Friday, February 10, 2012

Performance tuning using BULK COLLECT with example


In this post, lets see the effect of BULK COLLECT over performance.Simple example are used.
The below code is written using with and with out Bulk feature to retrieve data from a table and populate the collection objects.

Without Bulk Collect

DECLARE
   TYPE namelist IS TABLE OF emp_info.ename%TYPE
      INDEX BY BINARY_INTEGER;
   TYPE sallist IS TABLE OF emp_info.sal%TYPE
      INDEX BY BINARY_INTEGER;
   CURSOR c1
   IS
      SELECT ename, sal
        FROM emp_info;

   names   namelist;
   sals    sallist;
   i       NUMBER   := 0;
BEGIN
   FOR rec_c1 IN c1
   LOOP
      names (i) := rec_c1.ename;
      sals (i) := rec_c1.sal;
      i := i + 1;
   END LOOP;
END;

The above is a very simple program that does not use bulk binds.
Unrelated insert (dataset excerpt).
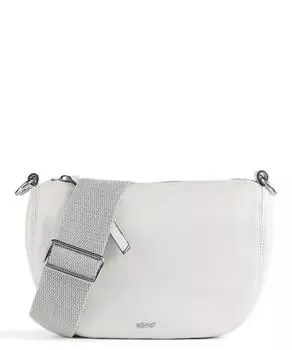Сумка на плечо Dalia Mina из зерненой яловой кожи Abro, белый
There were
  146939 fetch calls against the cursor, requiring 146943 logical
reads and 1.57 CPU seconds. 

With Bulk Collect

DECLARE
   TYPE namelist IS TABLE OF emp.ename%TYPE;
   TYPE sallist IS TABLE OF emp.sal%TYPE;
   CURSOR c1
   IS
      SELECT ename, sal
        FROM emp_info;

   names   namelist;
   sals    sallist;
BEGIN
   OPEN c1;
   FETCH c1
   BULK COLLECT INTO names, sals;
END;

The above is a very simple program which uses bulk binds.
There were only 1 against the cursor instead of 146939, bringing logical reads down from 146943 to 475 and CPU time from 1.57 to 0.51 seconds.
This shows the effect of BULK BINDS on Performance Improvement.